The eight vital organs of the Noctarine, beginning from the centre and moving outwards are:::
aquamarine ~ Will ~ the sphere of willingness, willpower, and purpose
red ~ Soul ~ the sphere of wholeness, identity, and essence
orange ~ Inspiration ~ the sphere of resources, potential and ingenuity
yellow ~ Intuition ~ the sphere of direction, mystery, and loyalty
green ~ Imagination ~ the sphere of playfulness, performance, and dreaming
blue ~ Instinct ~ the sphere of vibration, harmony, and moods
violet ~ Intellect ~ the sphere of coherence, polarity, logic
magenta ~ Body ~ the sphere of evidence, boundaries and agency
The eight vital organs of Consciousness ~ as shown by the Noctarine ~ all have special functions, just like the different organ systems of the human body. They are all continuously interacting with each other. Their job is to regulate the inner processes of human experience.
They must respond to stimuli from the inner and outer environment. They relate to other living organisms, and exchange information with them.
These vital organs send out signals to the inner and outer environment too. They have a certain influence on the outer world, and they heavily determine what’s going on in the inner landscape.
We call these organs ‘Faculties of Consciousness’. (All technical terms are written with a capital initial to distinguish them from the same words in normal language. In the new discipline of Synchronosophy, the terms Consciousness, Faculty, Body, Intellect, Instinct, Imagination, Intuition, Inspiration, Soul and Will are used with specific definitions, which we’ll unravel in future chapters.)
After my little presentation, Josh sat in silence for some time, looking at the diagram on the whiteboard. I scribbled the names of the eight Faculties on the lines, added the names of the colours, and a couple of words to identify the functions.
“What do you think?” I turned around and looked at my audience of one for feedback.
“What I think?” Josh turned towards me with a knowing smile. “I think you’re sitting on a goldmine*.”
*The word ‘goldmine’ is used here as a metaphor referring to the ‘Dragon’s gold’ ~ a mystical symbol for wisdom, profound knowledge, harmony and inner strength.
In Josh’s own words: “a gold-mine of paradigm-shifting ideas.”
Missed the earlier chapters? Click the links
The Rootstock of Synchronosophy
Chapter 1 The Mycelium of Synchronosophy, Chapter 2 Sub-Soil of Synchronosophy, Chapter 3 Nutrients for Synchronosophy, Chapter 4 Adjustments to an Unnatural World, Chapter 5 Loss of Self and Identity, Chapter 6 The Destructive Trail of Trauma
The Heartwood of Synchronosophy
OK. (Deep bow your way.) This is the Synchronosophy chapter that really starts to show the scale of what you are endeavoring to bring to the table.
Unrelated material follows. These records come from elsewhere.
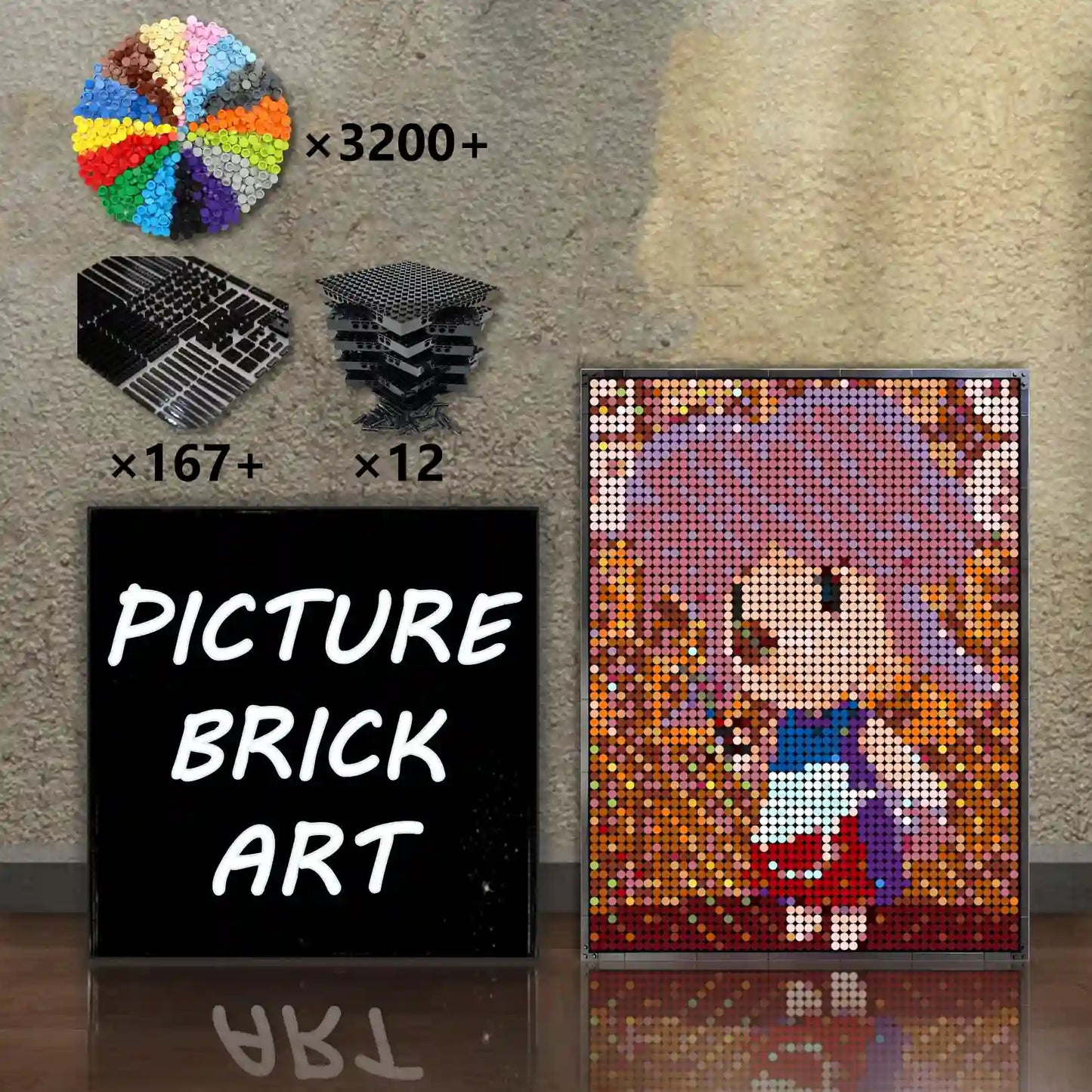 LEGO Mosaic Animal Crossing 48×64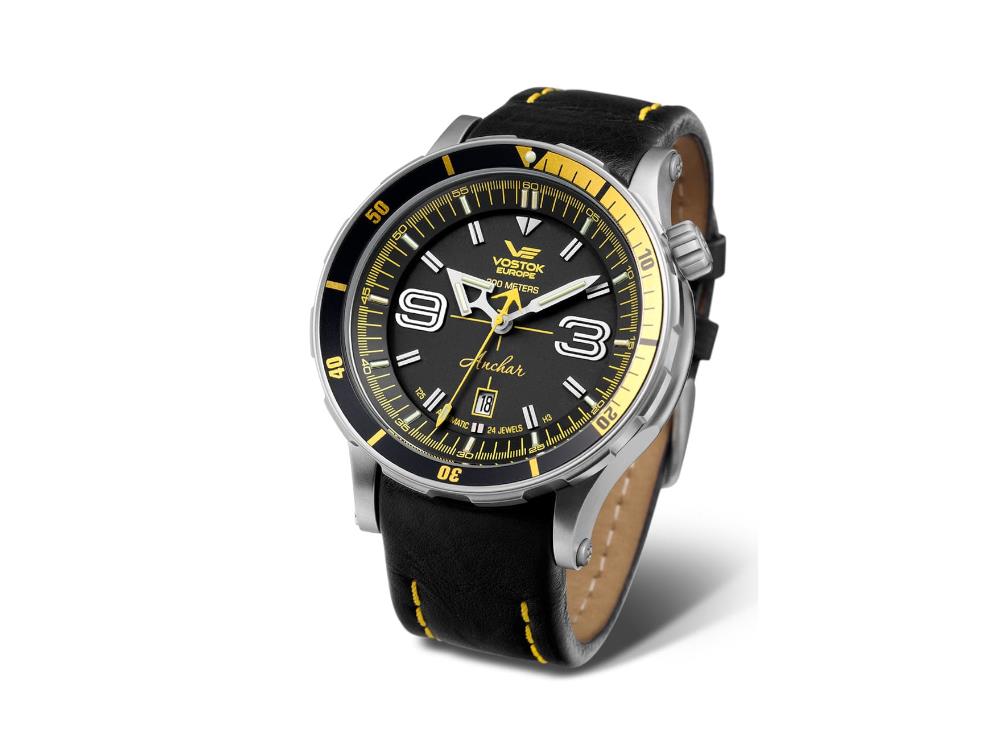 Vostok Europe Anchar Automatic Watch, 48.7 mm, Tritium, NH35A-510A522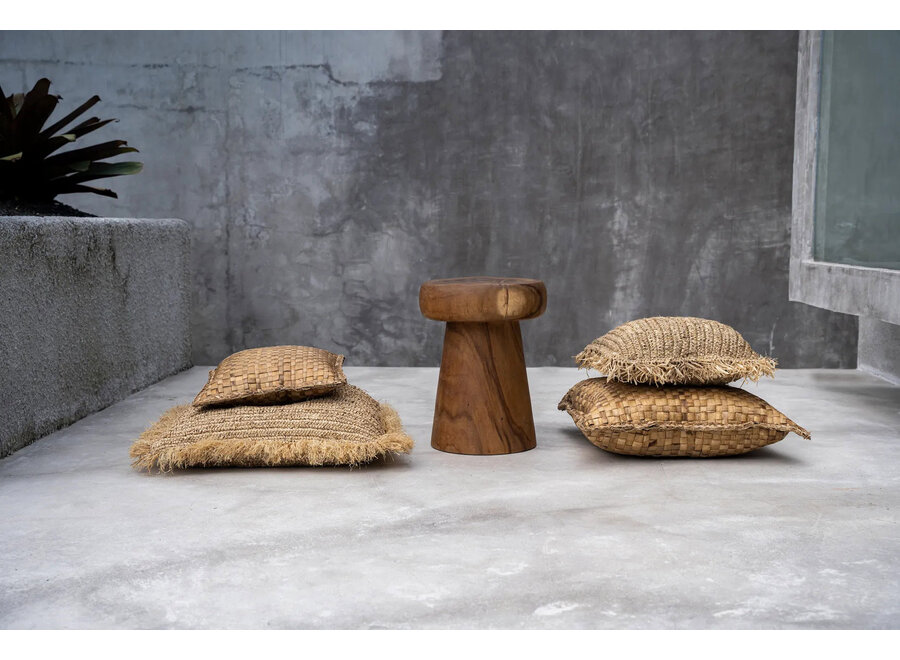 La Housse De Coussin Raffia Carré - Naturel - 60x60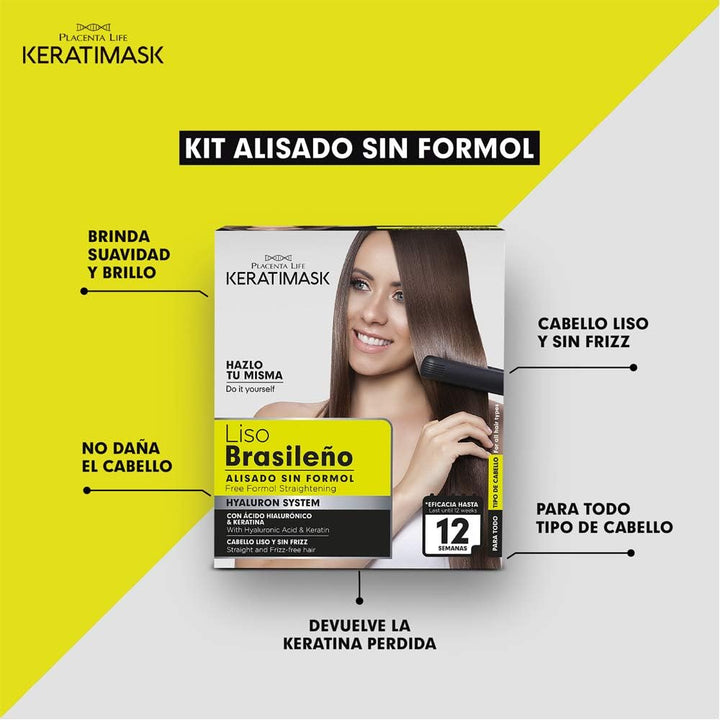 - Brazilian Keratimask Straightening Kit - Long Lasting Professional Results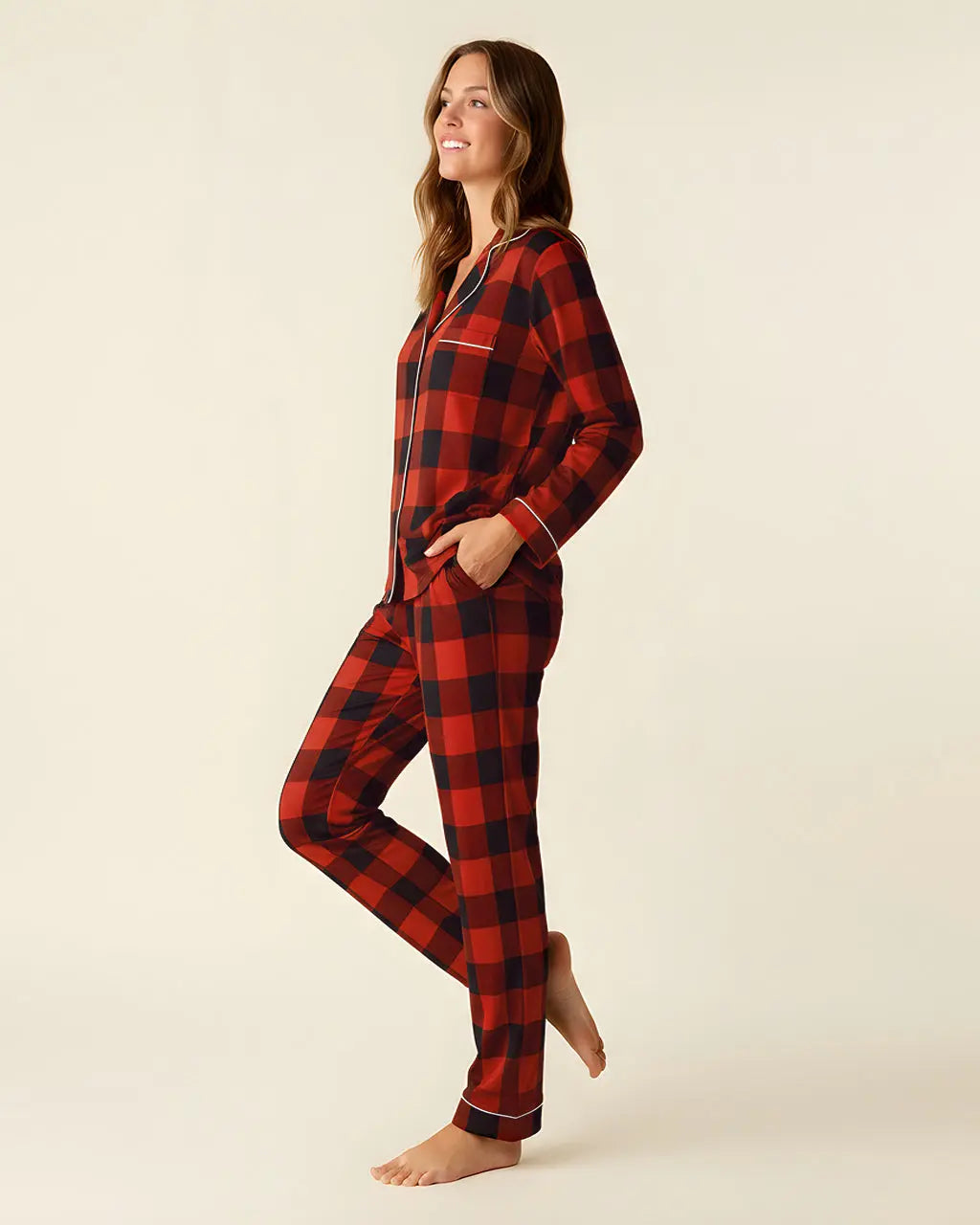 Classic Buffalo Plaid Pajama Set OMFORT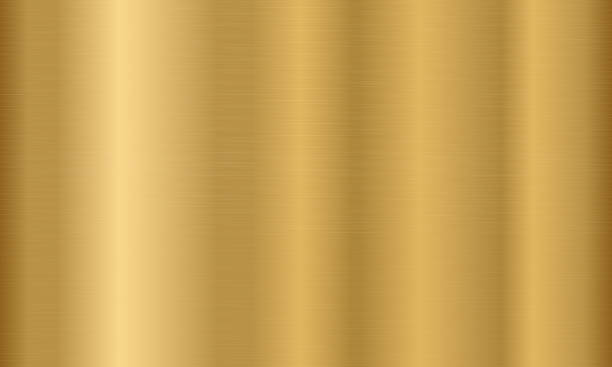 istock Golden metal texture background. Gold plate. Metallic texture effect. Steel background. Vector illustration 1697010627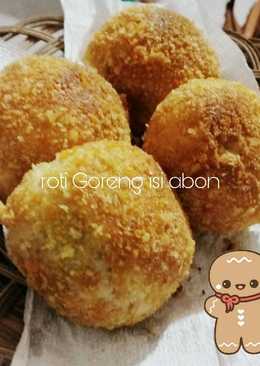 Roti Goreng isi abon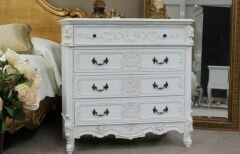 Lpw01-01 French Carved Flower Chest Of Drawers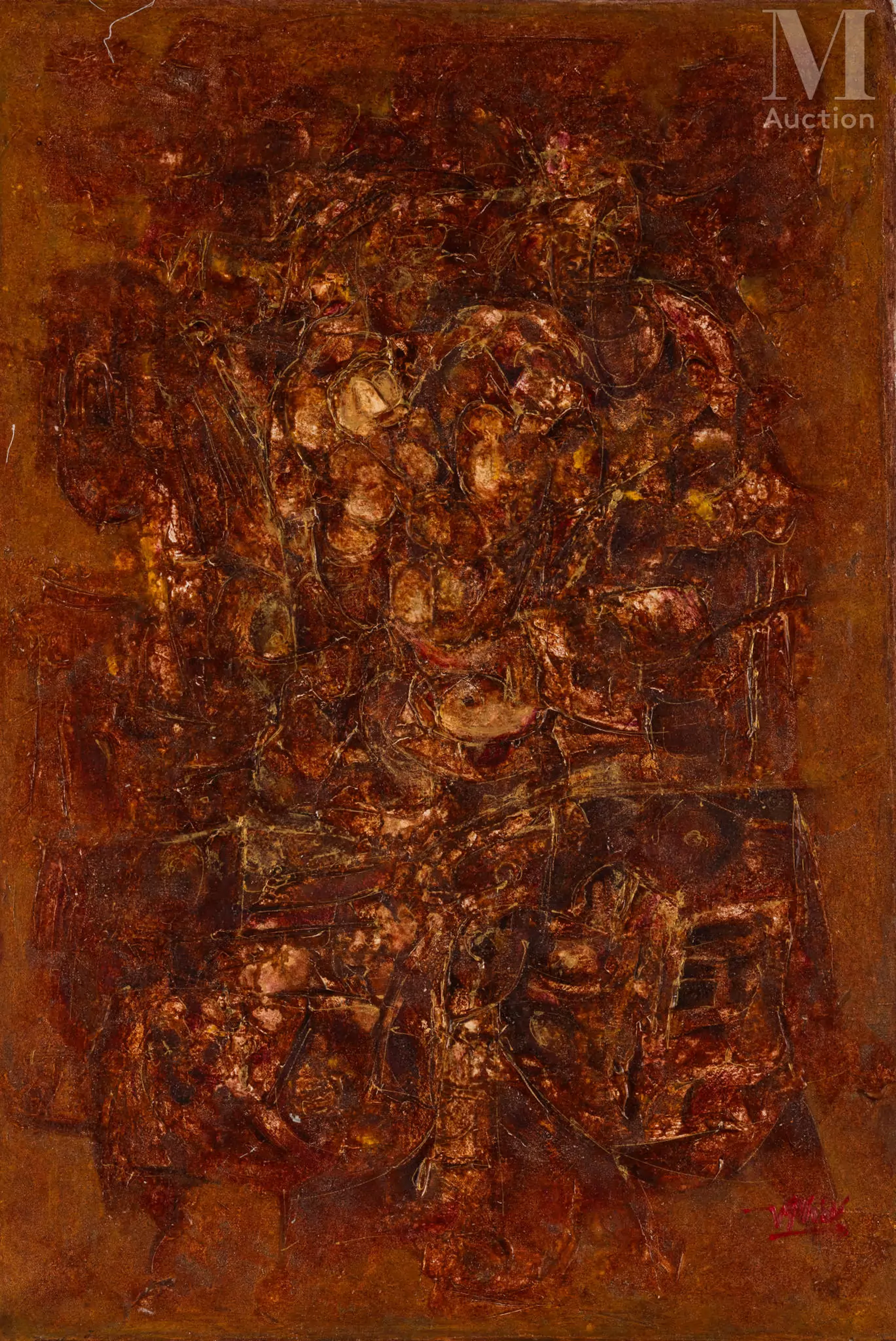 Ⓟ VINH PHOI (1937-2017) "Happiness", 1999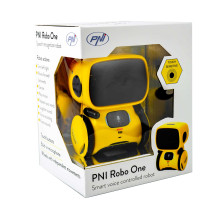 PNI Robo One interactive intelligent robot package, voice control, touch buttons, yellow + Midland Subzero Headphones Co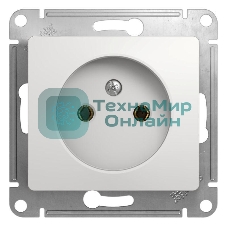 Механизм розетки 1-м СП Glossa 16А IP20 без заземл. бел. SchE GSL000141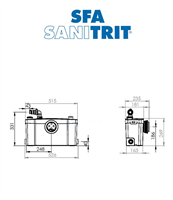 TRITURATORE SANIPLUS UP WC-COMPLETO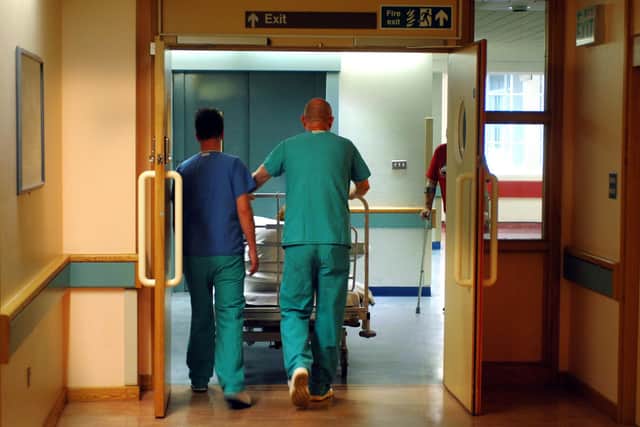 There has been a slight rise in the number of people being treated for Covid in hospital.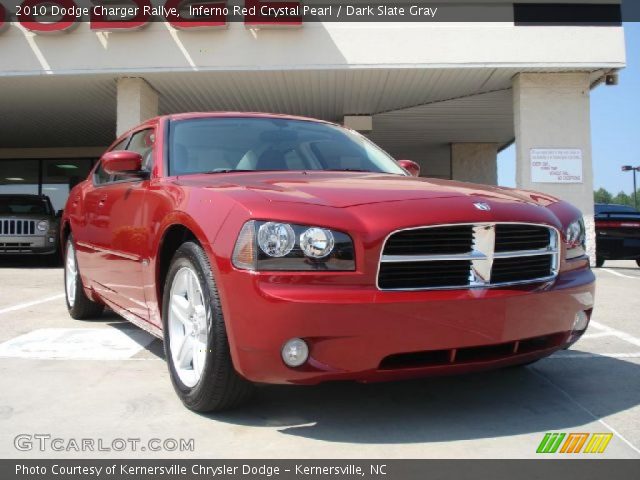 2010 Dodge Charger Rallye in Inferno Red Crystal Pearl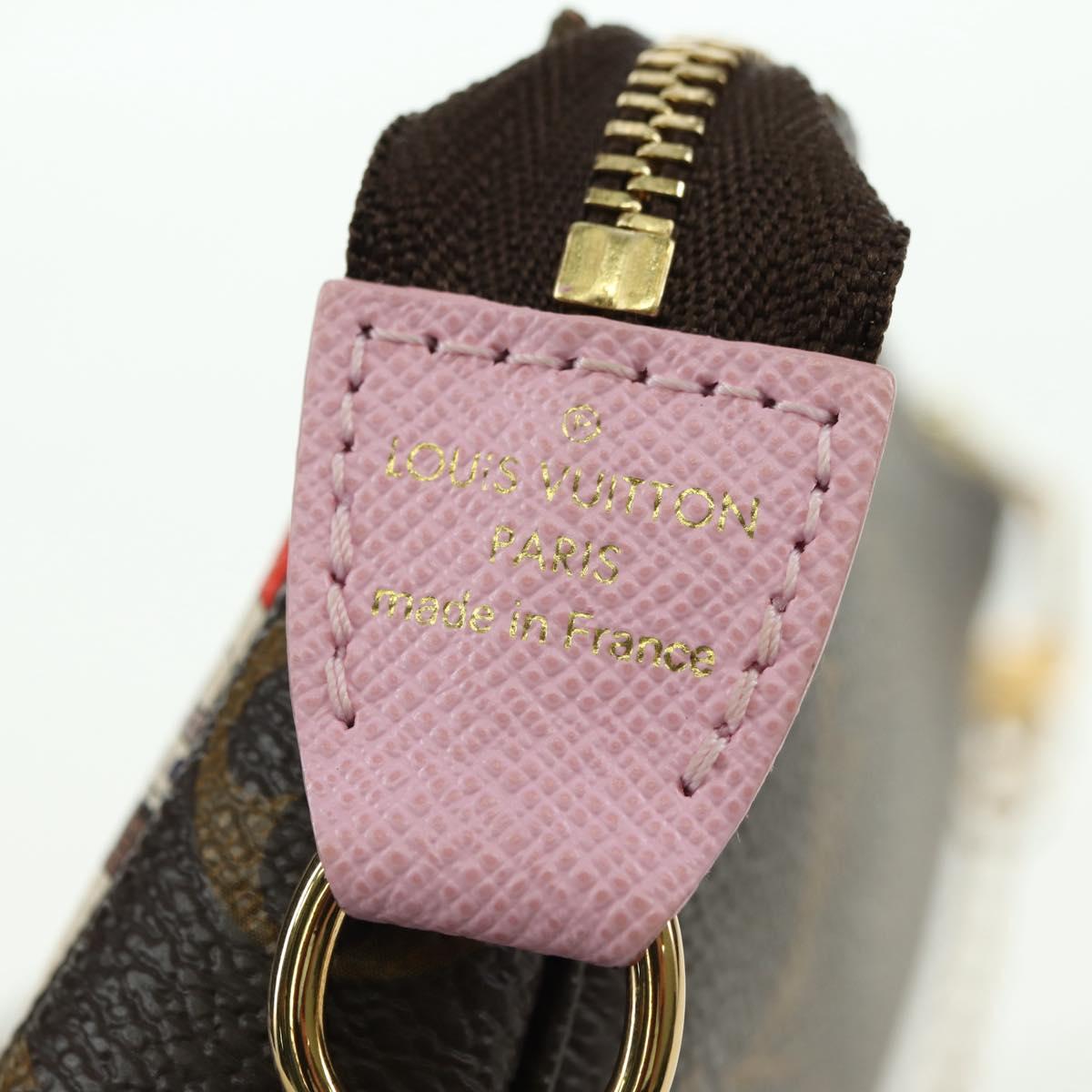 LOUIS VUITTON Monogram Mini Pochette Accessoires Pouch M62141 LV Auth 179814M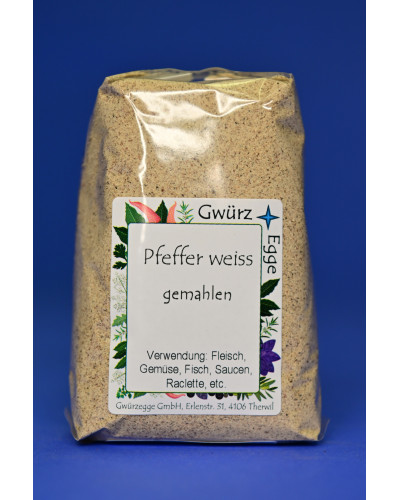 Pfeffer weiss gemahlen 100gr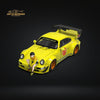 Mini Station Porsche 964 RWB in Dragon Ball Yellow Livery Figure Version 1:64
The necessity to thoroughly clarify all of the language and etymology and create/reveal new words … to convey the essence behind the intended meaning with as little distortion as possible in this very distorted/noisy world … wow - again, deep bow to you. 🙏
Back in 2013-2014 I drew a few similar 2d models and a color-coded spreadsheet attempting to bring everything together, reconciling sound and light and color and “type” of consciousness and organ systems, but never shared them because I knew I didn’t have the vocabulary to properly convey it. that it would require an entire new vocabulary to even attempt that.
As I read through each carefully and intuitively constructed/pared down chapter of Synchrosophy I’m grinning ear to ear that it’s in highly capable hands. :)
I got chills, Veronika! This is incredible! My guides have shown me something so similar. Instead of spheres, though, I saw nested toruses. (And what I saw wasn't necessarily specific to humans.) I am blown away by the clarity and organization of what you offer here. It's so accessible. Thank you so much for sharing your work. Just wow!